[RECORDS TO USE Boundary: Start]
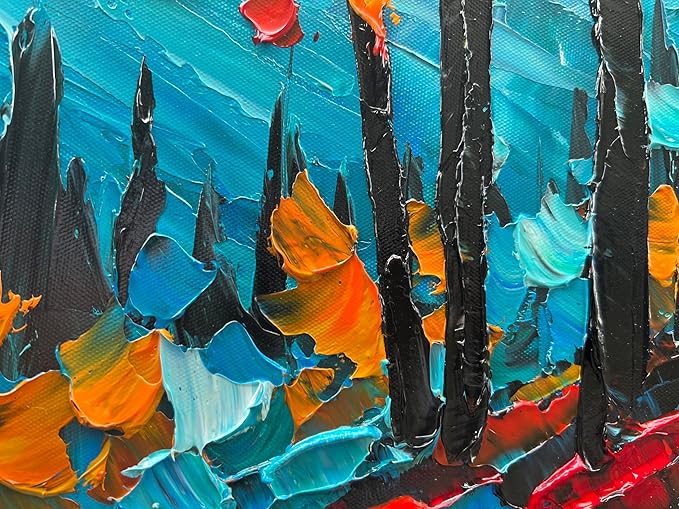 Forest Landscape Hand Painted Art Oil Painting Natural Landscape Oil Painting Large Canvas Wall Art Decoration 24×48 Inches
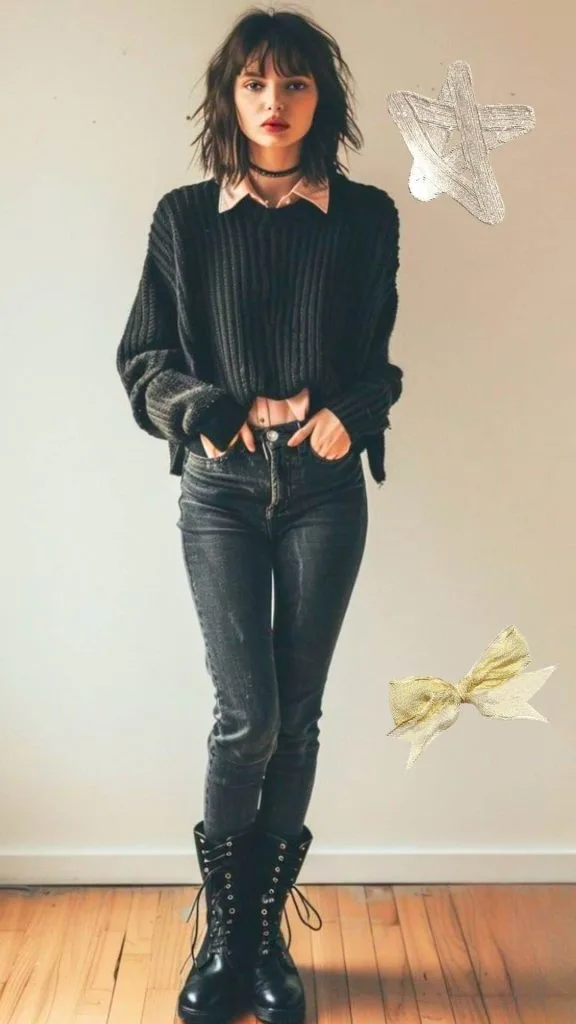 modern goth outfit ideas black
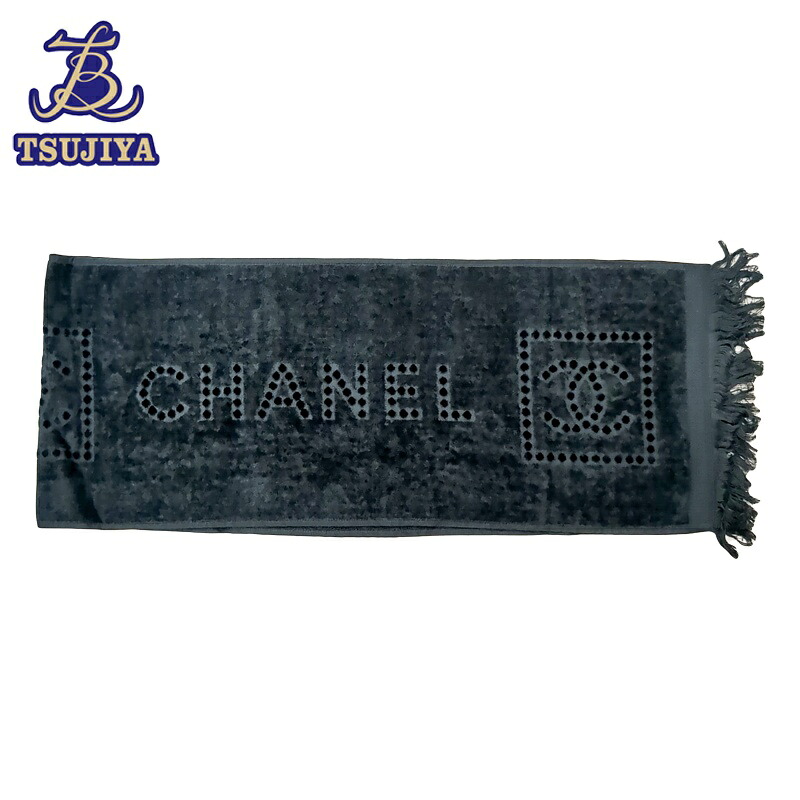 【中古AB】CHANEL シャネル 西洋手ぬぐい フリンジ 黒いこと ココマーク ロゴタイプ 運動競技【辻屋質店S1046】【一六銀行見せびらかす】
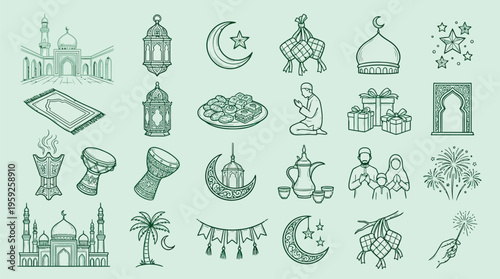 A collection of hand-drawn Islamic cultural and religious icons, including mosques, lanterns, crescent moons, and festive decorations, presented in a monochromatic green palette.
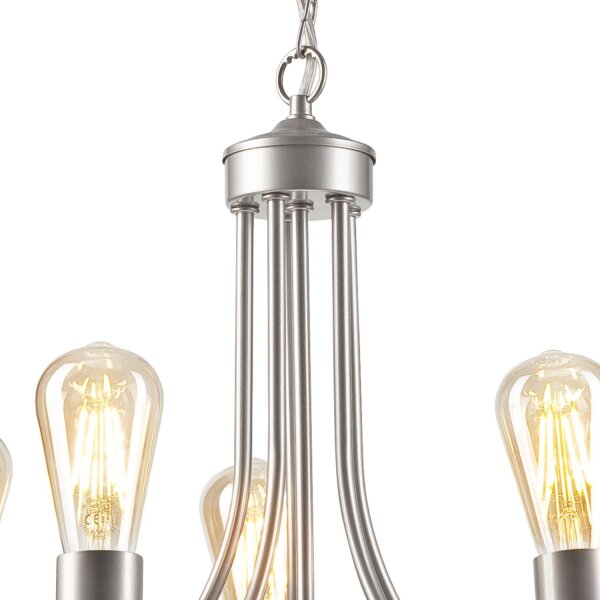 Kronleuchter Metall in Silber 5-flammig E27 Ø 45 cm Rustikal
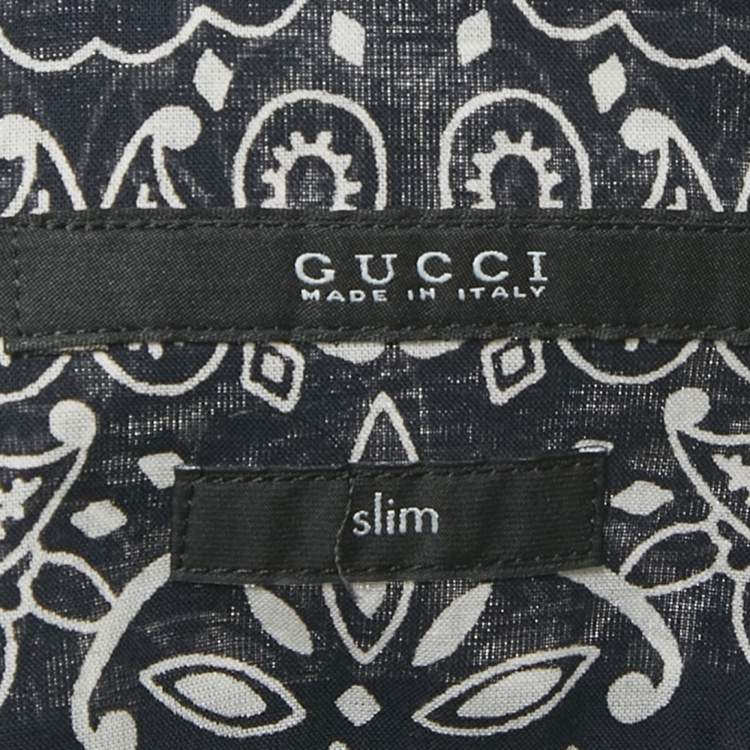 Pre Owned Gucci Navy Blue Bandana Print Cotton Shirt M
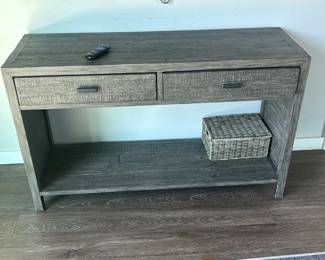 Lot #90 Final Lot of 4 Reclaimed-Wood Style Console Desks, Airbnb and Hospitality Furniture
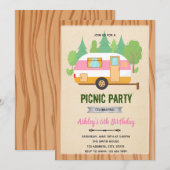 Lieve glamping picknick thema uitnodiging (Voorkant / Achterkant)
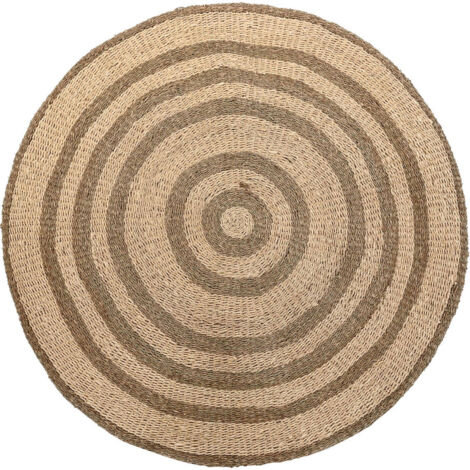 Tapis moderne beige en fibre de maïs pour séjour élégant - Beige naturel et design élégant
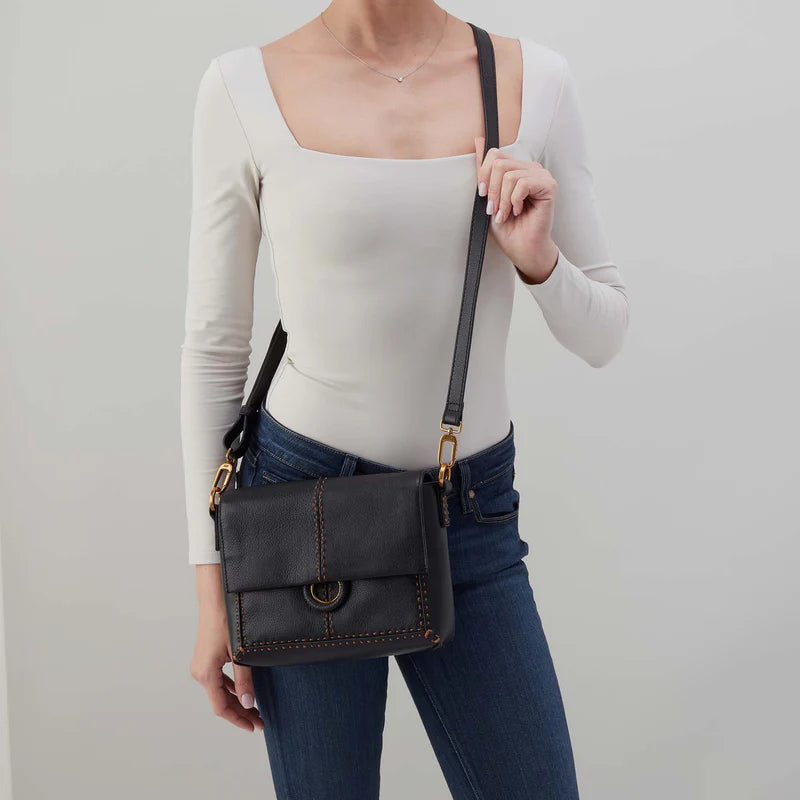 Austin Flap Crossbody in Black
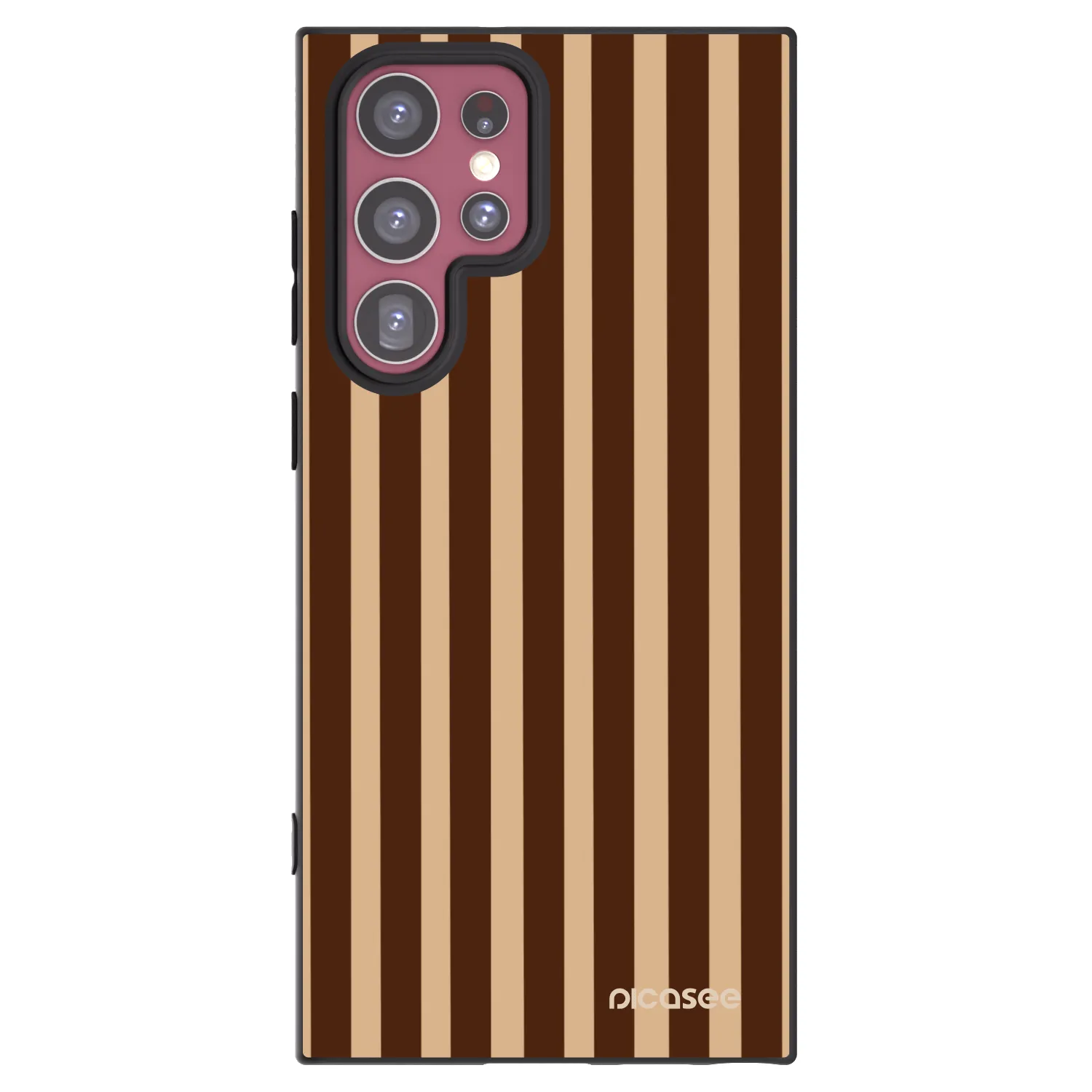Picasee Samsung Galaxy S22 Ultra 5G Hülle - Schwarzes Silikon - Brown lines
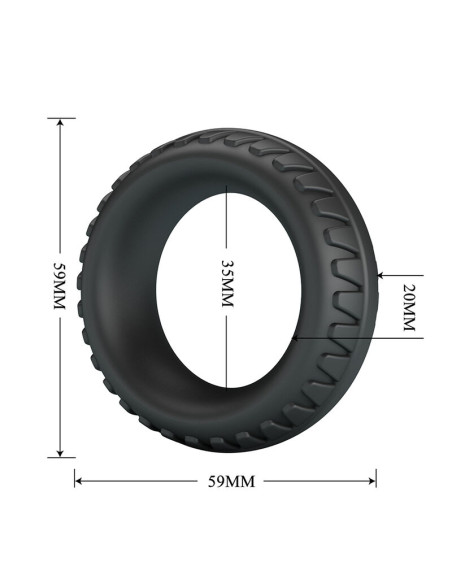 CRAZY BULL MERRITT TEXTURED SILICONE COCK RING BLACK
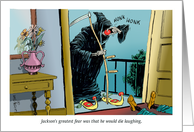 Humorous celebration and laughter on the Day of the Dead card
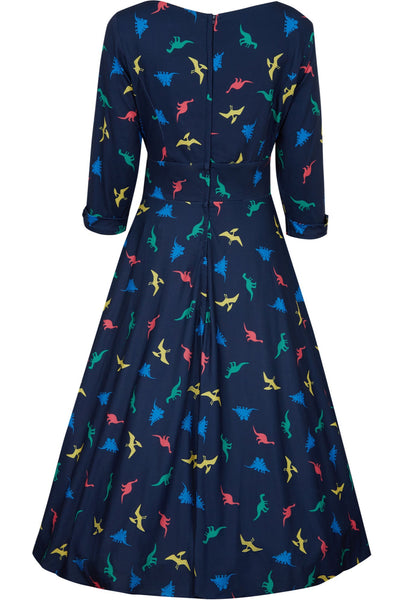 Scarlette Long-Sleeved Stretchy Dress in Navy and Colourful Dino Print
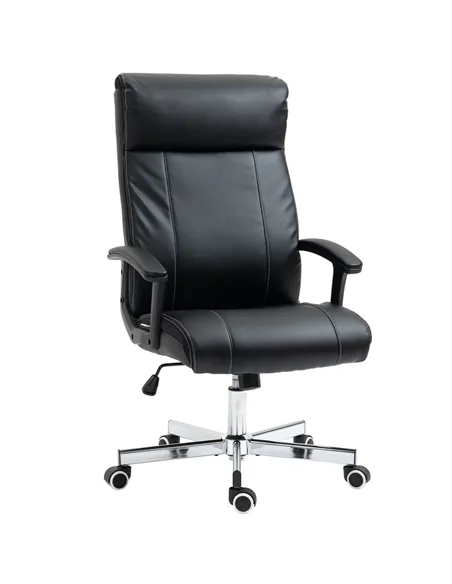 Vinsetto Massage Office Chair, PU Desk Chair with 6 Point Massage, High Back Computer Chair with Metal Legs, Thick Seat, Remote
[RECORDS TO USE Boundary: End]
*INSTRUCTIONS FOR THE TASK*
From the opening line of the listing above through the line bearing "Lot #90 Final", repeat each line exactly. Drop every picture.

*RESPONSE AREA*
 Forest Landscape Hand Painted Art Oil Painting Natural Landscape Oil Painting Large Canvas Wall Art Decoration 24×48 Inches
 modern goth outfit ideas black
 【中古AB】CHANEL シャネル 西洋手ぬぐい フリンジ 黒いこと ココマーク ロゴタイプ 運動競技【辻屋質店S1046】【一六銀行見せびらかす】
 A collection of hand-drawn Islamic cultural and religious icons, including mosques, lanterns, crescent moons, and festive decorations, presented in a monochromatic green palette.
 Kronleuchter Metall in Silber 5-flammig E27 Ø 45 cm Rustikal
 Pre Owned Gucci Navy Blue Bandana Print Cotton Shirt M
 Lot #90 Final Lot of 4 Reclaimed-Wood Style Console Desks, Airbnb and Hospitality Furniture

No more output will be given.